Let $E$ be the elliptic curve $y^2=x^3+1$ and $p \equiv 1 \pmod{3}$ a prime. Computing the number of points mod $p$ of $E$ using the naive method gives: $$ \#E(\mathbb F_p) = 1+ \sum_{x=0}^{p-1} \left( 1 + \left(\frac{x^3+1}{p}\right)\right) \equiv p+1 + \sum_{x=0}^{p-1}(x^3+1)^{\frac{p-1}2}\pmod{p}$$ developing the right hand side and simplifying there is only one term of the sum surviving and we get: $$ \#E(\mathbb F_p) \equiv p+1-\binom{\frac{p-1}2}{\frac{p-1}3}\pmod{p}$$ Hasse theorem now implies that if $p$ is large enough (say $p>16$) then the minimal residue of $$ \binom{\frac{p-1}2}{\frac{p-1}3}\pmod{p}$$ is smaller than $2\sqrt{p}$. As this last result seems completely unrelated to elliptic curves my question is if there is a more direct proof of this fact not using Hasse's theorem.
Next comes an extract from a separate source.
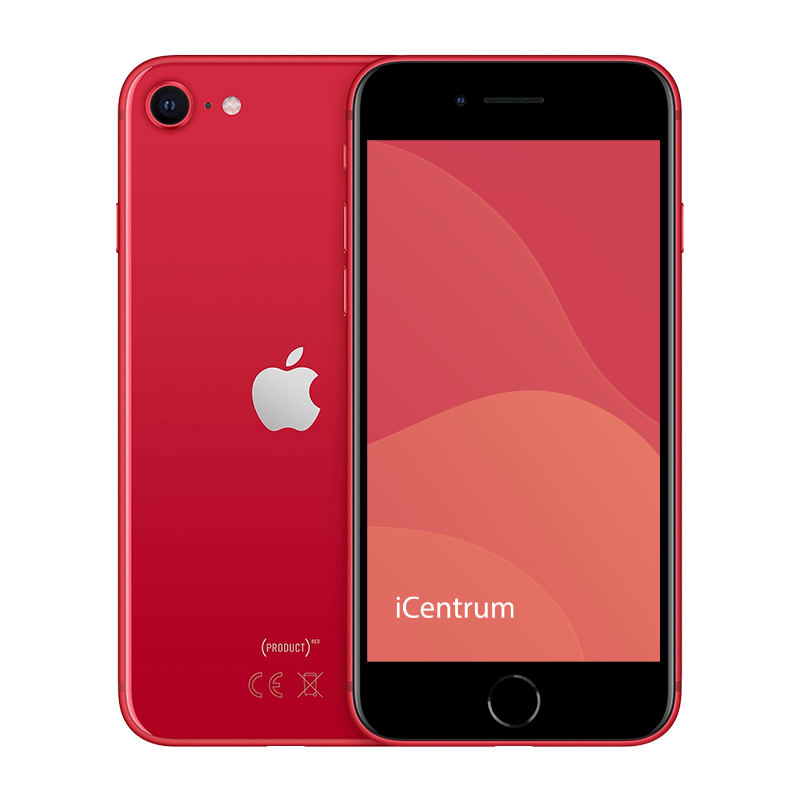 iPhone se２ iPhone SE 2020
Using instead the elliptic curve $y^2 = x^3+x$ and a prime $p \equiv 1 \pmod{4}$ one finds the similar result that the least minimal residue of $$ \binom{\frac{p-1}2}{\frac{p-1}4}\pmod{p} $$ is also bounded in absolute value by $2\sqrt{p}$.

My motivation is simple curiosity, I fell on it playing with some examples and now I can't take it out of my head.